Ideal Portfolio for Salaried Individual – Aged: 25 to 3
We see that:
- This is a portfolio with a high-risk orientation due to the long-term horizon available;
- The long-time horizon allows us to aggressively allocate significant capital (85%) to Growth Stock Funds, Commodity Funds & Cryptocurrency.
- The idea is to make regular contributions to the portfolio through savings & the fixed income portfolio to gradually build up positions.
Ideal Portfolio for Salaried Individual – Aged: 35 to 44
We can see that:
- Equity and Commodity have less capital allocated to them;
- Fixed income has more capital allocated to it;
- Real estate has capital allocated to it through investment in real estate investment trusts or physical estate;
- Again, the focus here is to consolidate gains from the last period into risk diversification endeavors (45% allocation to fixed income, Commodity funds & real estate) while maintaining a heavy capital growth strategy with a high (55%) allocation to growth stocks and Cryptocurrency.
- Again, we are not concerned with short-term volatility as our investment horizon remains long-term.

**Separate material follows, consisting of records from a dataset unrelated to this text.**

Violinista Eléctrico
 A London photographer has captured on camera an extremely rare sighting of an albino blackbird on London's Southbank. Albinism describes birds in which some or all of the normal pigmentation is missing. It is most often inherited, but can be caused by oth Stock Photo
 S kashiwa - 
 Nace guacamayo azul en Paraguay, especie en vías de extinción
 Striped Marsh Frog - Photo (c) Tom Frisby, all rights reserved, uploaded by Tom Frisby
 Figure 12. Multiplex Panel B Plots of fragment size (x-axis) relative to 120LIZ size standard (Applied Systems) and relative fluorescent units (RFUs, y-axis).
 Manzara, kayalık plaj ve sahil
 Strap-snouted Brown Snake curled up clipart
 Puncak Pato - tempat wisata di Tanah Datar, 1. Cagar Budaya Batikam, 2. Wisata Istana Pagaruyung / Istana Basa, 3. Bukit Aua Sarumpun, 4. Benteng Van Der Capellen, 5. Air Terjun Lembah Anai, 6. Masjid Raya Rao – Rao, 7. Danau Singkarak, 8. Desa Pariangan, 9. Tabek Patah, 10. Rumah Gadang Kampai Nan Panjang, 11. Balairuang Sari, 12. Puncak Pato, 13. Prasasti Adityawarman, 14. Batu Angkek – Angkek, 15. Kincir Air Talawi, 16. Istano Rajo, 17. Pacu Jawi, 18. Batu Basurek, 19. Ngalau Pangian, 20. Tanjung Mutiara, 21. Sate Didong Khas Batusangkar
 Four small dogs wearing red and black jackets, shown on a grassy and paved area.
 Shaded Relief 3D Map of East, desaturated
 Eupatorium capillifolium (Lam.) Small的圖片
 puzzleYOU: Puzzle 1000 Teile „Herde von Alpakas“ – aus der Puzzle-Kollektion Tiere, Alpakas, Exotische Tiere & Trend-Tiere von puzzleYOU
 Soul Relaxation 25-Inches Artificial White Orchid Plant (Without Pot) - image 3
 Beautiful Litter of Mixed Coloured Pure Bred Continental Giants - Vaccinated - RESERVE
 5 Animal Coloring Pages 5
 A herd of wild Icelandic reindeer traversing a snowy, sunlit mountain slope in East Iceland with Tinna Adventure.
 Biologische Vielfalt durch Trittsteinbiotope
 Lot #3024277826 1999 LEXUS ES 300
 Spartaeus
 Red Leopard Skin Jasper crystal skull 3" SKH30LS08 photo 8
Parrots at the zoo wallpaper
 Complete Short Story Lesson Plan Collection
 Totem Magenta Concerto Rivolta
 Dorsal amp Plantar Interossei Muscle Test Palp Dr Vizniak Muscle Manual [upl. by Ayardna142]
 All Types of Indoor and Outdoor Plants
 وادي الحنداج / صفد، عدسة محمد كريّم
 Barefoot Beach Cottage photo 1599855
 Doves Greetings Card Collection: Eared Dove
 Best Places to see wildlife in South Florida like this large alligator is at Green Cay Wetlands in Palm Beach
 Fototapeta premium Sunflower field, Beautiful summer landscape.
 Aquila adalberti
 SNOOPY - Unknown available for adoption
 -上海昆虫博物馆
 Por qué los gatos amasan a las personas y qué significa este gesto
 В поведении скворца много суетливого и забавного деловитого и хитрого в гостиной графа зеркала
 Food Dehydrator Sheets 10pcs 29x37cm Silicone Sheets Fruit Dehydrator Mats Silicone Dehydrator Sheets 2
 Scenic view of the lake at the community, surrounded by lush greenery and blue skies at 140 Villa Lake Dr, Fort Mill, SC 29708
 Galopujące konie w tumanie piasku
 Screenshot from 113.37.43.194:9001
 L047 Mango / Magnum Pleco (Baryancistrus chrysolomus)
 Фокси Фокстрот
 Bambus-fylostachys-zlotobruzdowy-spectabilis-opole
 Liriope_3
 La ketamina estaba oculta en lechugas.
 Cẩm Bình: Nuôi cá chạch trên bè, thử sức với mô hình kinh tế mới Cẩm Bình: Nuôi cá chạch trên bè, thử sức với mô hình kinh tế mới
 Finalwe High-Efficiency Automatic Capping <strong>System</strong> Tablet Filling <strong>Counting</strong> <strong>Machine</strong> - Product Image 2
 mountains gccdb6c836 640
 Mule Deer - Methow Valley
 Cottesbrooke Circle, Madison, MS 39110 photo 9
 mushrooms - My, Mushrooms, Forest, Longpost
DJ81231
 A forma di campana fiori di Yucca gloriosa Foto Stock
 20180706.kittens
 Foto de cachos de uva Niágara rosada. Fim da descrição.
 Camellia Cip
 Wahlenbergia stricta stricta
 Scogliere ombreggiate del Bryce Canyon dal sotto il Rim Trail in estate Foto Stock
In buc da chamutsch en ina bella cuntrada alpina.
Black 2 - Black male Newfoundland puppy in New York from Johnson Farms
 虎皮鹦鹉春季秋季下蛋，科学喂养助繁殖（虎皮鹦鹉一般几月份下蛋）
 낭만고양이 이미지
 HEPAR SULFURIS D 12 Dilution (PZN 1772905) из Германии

Ideal Portfolio for Salaried Individual – Aged: 45 to 54
We can see that:
- With just 15 years or less left to our retirement goal, it is now important to wind down the high-risk elements of our portfolio;
- A passive index tracking fund replaces the Growth Stock fund at a reduced overall allocation;
- Fixed income and real estate have more capital allocated to them;
- Commodity and Cryptocurrency have less capital allocated to them;
- As can be inferred, at this stage the portfolio doesn’t have the luxury of ignoring short-term volatility and is concerned with consolidating gains, protecting against inflation, and targeting capital appreciation in a less aggressive manner.
Ideal Portfolio for Salaried Individual – Aged: 55 to 60
We can see that:
- With retirement approaching, the focus is now increasingly on principal preservation and generation of income to increase the overall portfolio value in a measured way. Hence, 90% of the capital is allocated to fixed income & real estate.
- Some risk allocation remains to equity for a “kick” to overall capital accumulation efforts.
Retirement:
With retirement, there is no need for risky endeavors.
The goal of the portfolio is now to fund his living expenses into retirement. Hence, an equal-weighted portfolio is constructed between fixed-income funds & real estate.
Conclusion
It can be gauged from the above discussion that there is no single answer to the perfect portfolio for salaried individuals.
In other words, the answer will depend on a lot of factors & we may utilize the life cycle analysis as a guideline for building the perfect portfolio for salaried individuals.
Be advised that this is just a framework, as real-world situations may be more complex with multiple goals that may not wait till retirement.
Therefore, I encourage you to seek professional advice for your own portfolio decisions.